We see in taxanomy we have data type as address and in document manager it is multi line string. But when the address entity/label is extracted it is returned as string. Is there way to fetch in the same way it has extracted like multi line?
If there is possible definite format for the address then Regex-Based Extractor can return a multi-line address if the regex pattern is designed to capture the line breaks.
Else postprocessing is the best way
Actually the address is being extracted properly. But its returned as a single line. For example: The address in the receipt document is like below:
The Taj Mahal Palace,
Apollo Bandar, Colaba,
Mumbai, Maharashtra 400001.
The output string returned is concatenated lines of the above. The Taj Mahal Palace, Apollo Bandar, Colaba, Mumbai, Maharashtra 400001.
But I want the data to be returned or postprocessed in the same way it extracted. Since the multiline option enabled in Document Manager. I want to know if there is way to have them spearated.
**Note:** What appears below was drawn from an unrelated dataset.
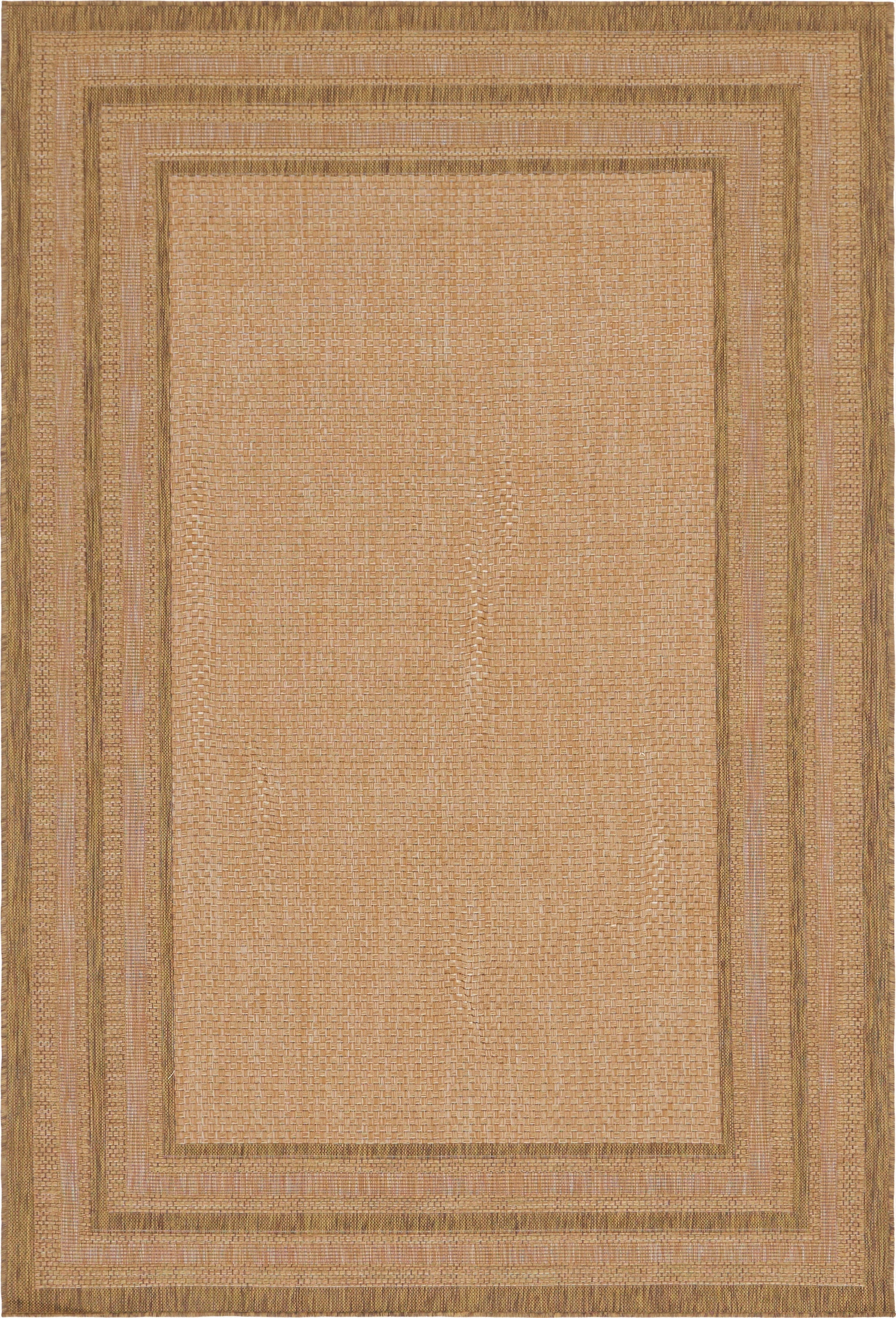 6' x 9'  Washable Border Indoor / Outdoor Rug
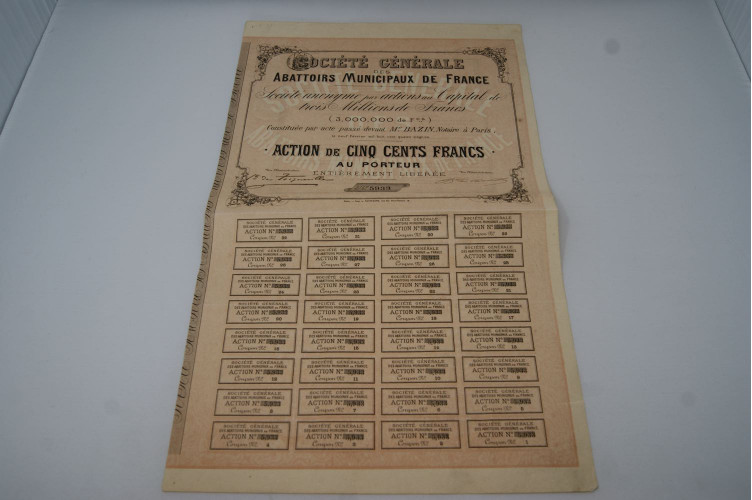 Société Générale des abattoirs municipaux de France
Think so this is only possible by using Regex-based-extractor… example: for above text you mentioned you can extract it by using the regex :“(?<=below:)\n.^star\n.^star\n.*” and the output will be multiline. It may have some Cons please look into it.
Yeah, but the format is never the same that’s the reason I opted for the Document Understanding extractor. We deal with cross-countries invoices and receipts.